The reflections seen from the Moon
After reflection by the Moon, wavefronts have a variety of phases which sum to give the overall signal. As these change with the relative movements of the earth and the Moon this results in libration fading.
- Doppler shift: The relative movement of the Earth and the Moon can result in some degree of Doppler shift being add to the signals. This will vary according to the relative movements of the two bodies, and also to the frequency in use. As an example of how Doppler shift affects a Moonbounce / EME signal it is found that at "Moonrise", a 2 Metre signal may be shifted up in frequency by as much as 350 Hz. It is then found that this figure reduces, reaching zero when the Moon is passing the particular longitude in which you are located (due south or due north azimuth heading) After this, the Doppler shift starts to move in a negative direction, reaching an offset of around 350 Hz LF by "Moonset." As signal levels are low using EME Moonbounce, very narrow bandwidths are often used and as a result Doppler shifts can be of importance.
- Signal polarisation changes: Another problem that can occur with Moonbounce is that as stations are located at different positions around the globe, a horizontally polarised signal in one area of the globe will be at right angles to a horizontally polarised signal a quarter of the way round the globe. This spatial polarisation problem adds to the difficulties caused by Faraday rotation.
Operating using EME Moonbounce
In view of the specialised requirements for Moonbounce, EME, some of the operating techniques used have been adapted to enable the best level of communication to be achieved. As EME is a weak signal mode, most of the contacts have traditionally used Morse, although some stations with high powers and very high gain antennas are able to use SSB on occasions.

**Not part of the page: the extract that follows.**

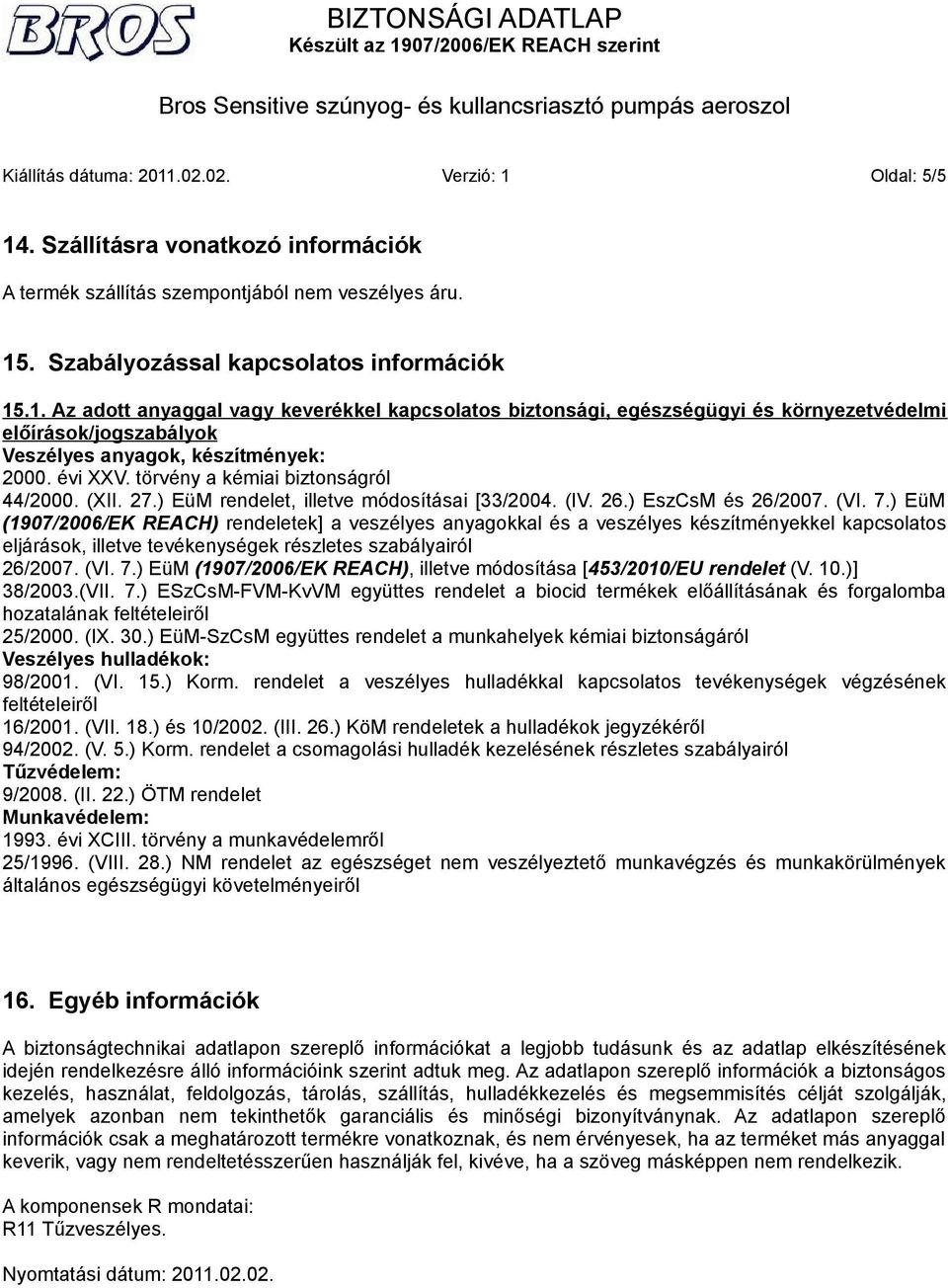 ) EüM (1907/2006/EK REACH) rendeletek] a veszélyes anyagokkal és a veszélyes készítményekkel kapcsolatos eljárások, illetve tevékenységek részletes szabályairól 26/2007. (VI. 7.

When using Morse speeds are generally kept to speeds between about 12 and 20 words a minute. The reason for this is that if the speeds are too high then copy becomes difficult in the presence of noise whereas if the speeds are too slow then the characters become affected by the libration fading which again makes copy difficult. Additionally the weighting on the individual dots and dashes is often increased slightly to aid copy.
A good first check of a station can be gained by listening for echoes of one's own signal. If these can be heard then there is a good chance of others hearing. However even if the echoes cannot be heard, it is possible that others with higher gain antennas may hear.

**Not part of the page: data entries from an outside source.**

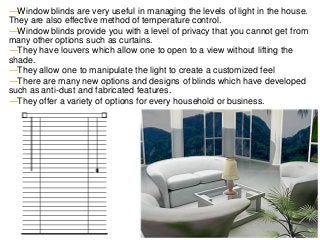 ―Window blinds are very useful in managing the levels of light in the house.
They are also effective method of temperature control.
―Window blinds provide you with a level of privacy that you cannot get from
many other options such as curtains.
―They have louvers which allow one to open to a view without lifting the
shade.
―They allow one to manipulate the light to create a customized feel
―There are many new options and designs of blinds which have developed
such as anti-dust and fabricated features.
―They offer a variety of options for every household or business.
 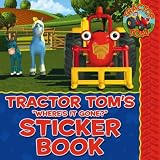 Tractor Tom Where`s It Gone?: Sticker Book (Tractor Phone)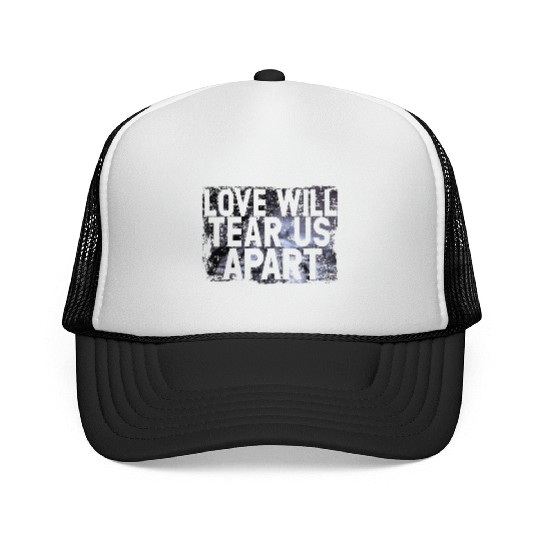 LOVE WILL TEAR US APART Trucker Caps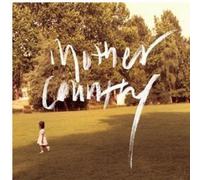 Mothercountry - One Day Grow Into a Man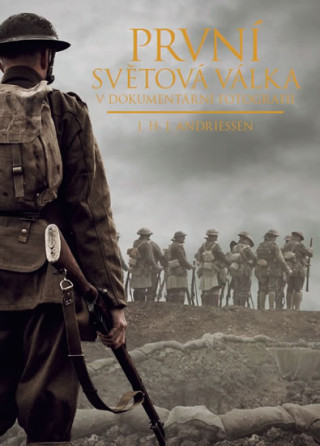 Kniha První světová válka v dokumentární fotografii J. H. J. Andriessen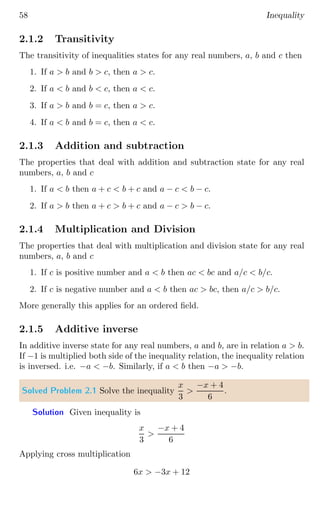 58 Inequality
2.1.2 Transitivity
The transitivity of inequalities states for any real numbers, a, b and c then
1. If a  b and b  c, then a  c.
2. If a  b and b  c, then a  c.
3. If a  b and b = c, then a  c.
4. If a  b and b = c, then a  c.
2.1.3 Addition and subtraction
The properties that deal with addition and subtraction state for any real
numbers, a, b and c
1. If a  b then a + c  b + c and a − c  b − c.
2. If a  b then a + c  b + c and a − c  b − c.
2.1.4 Multiplication and Division
The properties that deal with multiplication and division state for any real
numbers, a, b and c
1. If c is positive number and a  b then ac  bc and a/c  b/c.
2. If c is negative number and a  b then ac  bc, then a/c  b/c.
More generally this applies for an ordered field.
2.1.5 Additive inverse
In additive inverse state for any real numbers, a and b, are in relation a  b.
If −1 is multiplied both side of the inequality relation, the inequality relation
is inversed. i.e. −a  −b. Similarly, if a  b then −a  −b.
Solved Problem 2.1 Solve the inequality
x
3

−x + 4
6
.
Solution Given inequality is
x
3

−x + 4
6
Applying cross multiplication
6x  −3x + 12
 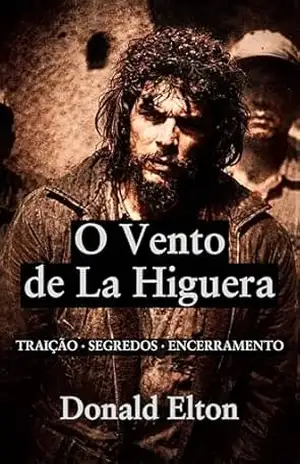 O Vento de La Higuera: TRAIÇÃO · SEGREDOS · FECHAMENTO – Donald Elton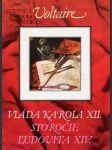 Vláda Karola XII., Storočie Ľudovíta XIV. - náhled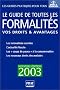 Le guide de toutes les formalit�s : Vos droits & avantages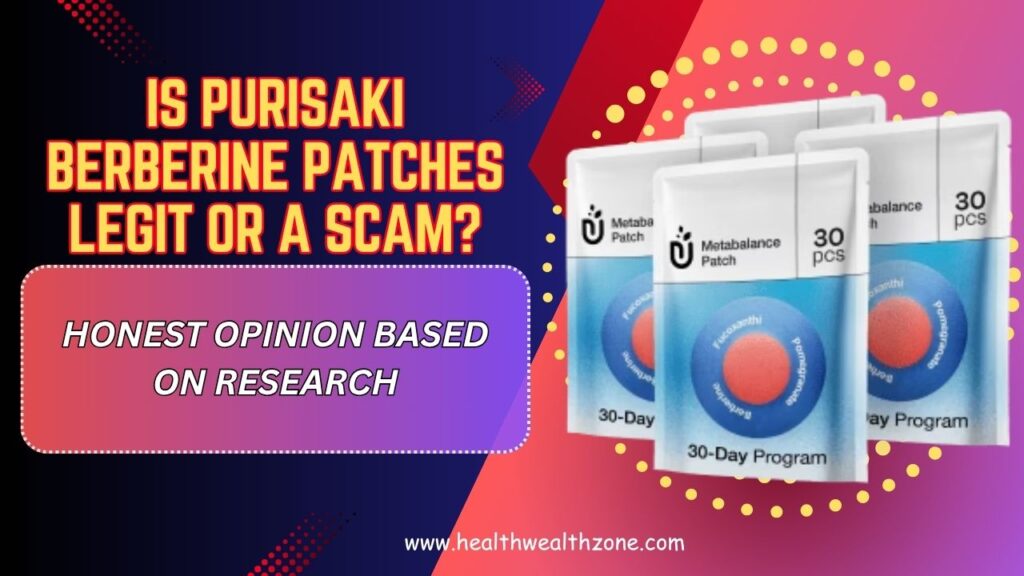 Is Purisaki Berberine Patches Legit or a Scam? – Honest Opinion Based on Research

Although many stations call CQ, this is only viable for stations using high powers and high gain antennas. For stations where signal strength may be marginal arranged contacts produce a far better possibility of a contact. These arranged contacts use accurately timed transmit and receive periods to enable the participating stations to have the best chance of communicating.

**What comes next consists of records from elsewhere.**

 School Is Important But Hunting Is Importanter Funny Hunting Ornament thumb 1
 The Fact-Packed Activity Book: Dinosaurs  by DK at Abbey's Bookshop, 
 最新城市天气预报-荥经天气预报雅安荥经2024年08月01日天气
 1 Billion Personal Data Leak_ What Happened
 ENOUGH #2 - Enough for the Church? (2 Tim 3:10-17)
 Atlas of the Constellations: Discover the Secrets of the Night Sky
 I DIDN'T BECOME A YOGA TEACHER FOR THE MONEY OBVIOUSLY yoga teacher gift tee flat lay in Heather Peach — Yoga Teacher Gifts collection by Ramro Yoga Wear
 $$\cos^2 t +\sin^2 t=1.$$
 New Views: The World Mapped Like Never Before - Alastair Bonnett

Various sections of the band are used for EME. A high proportion of the Moonbounce operation takes place on 2 metres where random operation is typically between 144.000 to 144.045 MHz and arranged contacts may take place on frequencies up to 144.170 MHz. For arranged contacts it is necessary to be able to accurately set the frequency to enable the other station to have a good chance of hearing.
EME Moonbounce summary
The use of E-M-E propagation or Moonbounce is a challenge to any radio amateur wanting to use this mode of radio propagation, but it can yield some excellent results. Those with the right equipment are able to make contacts with stations in many different areas of the globe when the Moon is in the right position relative to the Earth. In this way it is a particularly interesting form of propagation to use.